Stingray barb "as deadly as a bayonet" 

Published: 6:03PM Monday September 04, 2006

Source: AAP

The stingray barb that struck Steve Irwin would have been as deadly as a rifle bayonet driven into one of his vital organs, Australian wildlife filmmaker David Ireland said on Monday.

Ireland, sometimes referred to as "the original crocodile man" and a world-renowned wildlife cameraman and film producer, said he was shocked and saddened to hear of Irwin's death.

Irwin, 44, was killed by a stingray barb through the chest while diving off Port Douglas in north Queensland, and it's thought likely he died from cardiac arrest.

Ireland said while he had never met his fellow wildlife movie maker, they had a mutual respect which was shared among the handful of people in the world who worked "close up" with wild animals.

"What happened today is just an absolute shock," a shaken Ireland told Southern Cross Broadcasting.

"There are not very many of us who work in the wilderness with wild animals; you could probably count us on two hands, there are probably only 10 of us in the world.

"Working with them the way the way we do things can go very wrong."

Ireland said he had done a film a few years ago on stingrays, "hand-feeding them and all sorts of things, always trying to highlight that in all our moves there's a very real danger".

"I don't want to go into this because I'm thinking of his family and what they must be going through, but they (stingrays) are very dangerous.

"They have one or two barbs in the tails which are not only coated in toxic material but are also like a bayonet, like a bayonet on a rifle.

"If it hits any vital organs it's as deadly as a bayonet."

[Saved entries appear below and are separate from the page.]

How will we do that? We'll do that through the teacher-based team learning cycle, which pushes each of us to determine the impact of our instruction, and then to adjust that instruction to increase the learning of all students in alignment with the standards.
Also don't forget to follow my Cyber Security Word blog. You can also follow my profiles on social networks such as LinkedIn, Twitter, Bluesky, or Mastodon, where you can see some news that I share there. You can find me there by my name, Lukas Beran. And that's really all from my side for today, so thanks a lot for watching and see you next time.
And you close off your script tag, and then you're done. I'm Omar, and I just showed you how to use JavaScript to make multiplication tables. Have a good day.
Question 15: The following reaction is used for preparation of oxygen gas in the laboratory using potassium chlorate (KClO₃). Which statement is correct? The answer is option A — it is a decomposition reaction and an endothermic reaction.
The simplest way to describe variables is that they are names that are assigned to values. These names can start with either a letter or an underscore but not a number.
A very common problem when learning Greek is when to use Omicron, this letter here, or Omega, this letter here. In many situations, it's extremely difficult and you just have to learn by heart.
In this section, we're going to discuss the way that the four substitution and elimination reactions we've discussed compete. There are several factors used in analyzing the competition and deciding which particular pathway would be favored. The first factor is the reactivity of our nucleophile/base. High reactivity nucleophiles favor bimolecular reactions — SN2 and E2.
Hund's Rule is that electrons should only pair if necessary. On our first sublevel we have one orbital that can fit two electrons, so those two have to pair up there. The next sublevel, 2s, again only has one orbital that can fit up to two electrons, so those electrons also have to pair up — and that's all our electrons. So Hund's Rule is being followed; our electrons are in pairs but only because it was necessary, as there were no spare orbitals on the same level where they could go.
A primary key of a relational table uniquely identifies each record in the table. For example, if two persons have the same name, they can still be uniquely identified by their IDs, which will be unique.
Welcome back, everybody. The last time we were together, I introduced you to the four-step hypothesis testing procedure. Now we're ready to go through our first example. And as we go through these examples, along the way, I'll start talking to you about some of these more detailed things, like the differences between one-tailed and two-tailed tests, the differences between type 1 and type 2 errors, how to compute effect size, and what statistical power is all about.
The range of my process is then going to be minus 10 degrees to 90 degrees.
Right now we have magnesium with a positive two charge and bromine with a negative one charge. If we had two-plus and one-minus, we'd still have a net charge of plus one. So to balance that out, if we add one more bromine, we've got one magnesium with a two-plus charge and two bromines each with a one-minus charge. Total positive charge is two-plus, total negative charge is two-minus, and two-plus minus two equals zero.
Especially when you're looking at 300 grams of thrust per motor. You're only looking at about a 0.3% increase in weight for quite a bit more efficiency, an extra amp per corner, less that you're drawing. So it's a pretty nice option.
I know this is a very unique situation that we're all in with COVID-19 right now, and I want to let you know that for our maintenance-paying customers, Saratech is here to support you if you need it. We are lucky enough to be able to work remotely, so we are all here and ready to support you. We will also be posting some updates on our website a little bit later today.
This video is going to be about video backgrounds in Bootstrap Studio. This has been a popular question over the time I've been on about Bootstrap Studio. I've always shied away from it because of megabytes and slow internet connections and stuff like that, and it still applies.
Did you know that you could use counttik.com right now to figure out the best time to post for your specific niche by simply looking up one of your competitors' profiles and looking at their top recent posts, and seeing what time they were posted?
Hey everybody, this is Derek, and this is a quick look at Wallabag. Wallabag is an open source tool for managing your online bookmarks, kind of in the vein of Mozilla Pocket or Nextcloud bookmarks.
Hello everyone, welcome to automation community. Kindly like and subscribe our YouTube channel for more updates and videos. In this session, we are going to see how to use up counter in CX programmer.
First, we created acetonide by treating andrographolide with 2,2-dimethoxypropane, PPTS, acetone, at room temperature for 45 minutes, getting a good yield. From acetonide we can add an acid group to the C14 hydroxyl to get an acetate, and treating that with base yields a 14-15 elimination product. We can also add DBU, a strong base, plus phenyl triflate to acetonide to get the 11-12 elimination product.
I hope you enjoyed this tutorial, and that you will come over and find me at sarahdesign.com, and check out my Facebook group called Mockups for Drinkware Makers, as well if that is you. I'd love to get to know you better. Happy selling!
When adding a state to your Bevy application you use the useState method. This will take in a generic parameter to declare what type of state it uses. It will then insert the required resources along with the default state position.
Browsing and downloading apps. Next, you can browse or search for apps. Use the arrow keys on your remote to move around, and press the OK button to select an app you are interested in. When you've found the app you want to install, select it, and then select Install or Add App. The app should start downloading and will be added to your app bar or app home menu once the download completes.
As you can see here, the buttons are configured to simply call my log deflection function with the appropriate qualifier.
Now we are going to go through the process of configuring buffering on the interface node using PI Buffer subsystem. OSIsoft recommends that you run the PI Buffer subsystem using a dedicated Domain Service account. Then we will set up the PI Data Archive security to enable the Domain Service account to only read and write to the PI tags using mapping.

Ireland said he had made the documentary on stingrays to show they were disappearing and "the problems they have surviving in the modern world".

"We get really close to them and show how they perform, but in one of the scenes I actually pushed one up into shallow water to make it strike to show how deadly they are," Ireland said.

"Wild animals are incredibly fast and a lot of animals have got very efficient defence mechanisms.

"We're very vulnerable as humans, working with animals like that."

Ireland has 25 years experience in filming everything from lions and leopards to sharks and crocodiles.

Known as the Original Crocodile Man, he played the lead role in his own wildlife documentary Crocodile Man, which was distributed world-wide on Discovery channel in 1990.

It played for a record 12 months in the Great Barrier Reef cinema in Townsville from 1990 to 1991.

Ireland said Irwin's death had brought home the fact that the animals that he and other wildlife filmmakers work with are "very real, and the dangers are very real".

"I never met him. The sad thing is we never shook hands. It's a very, very painful day for everybody," he said.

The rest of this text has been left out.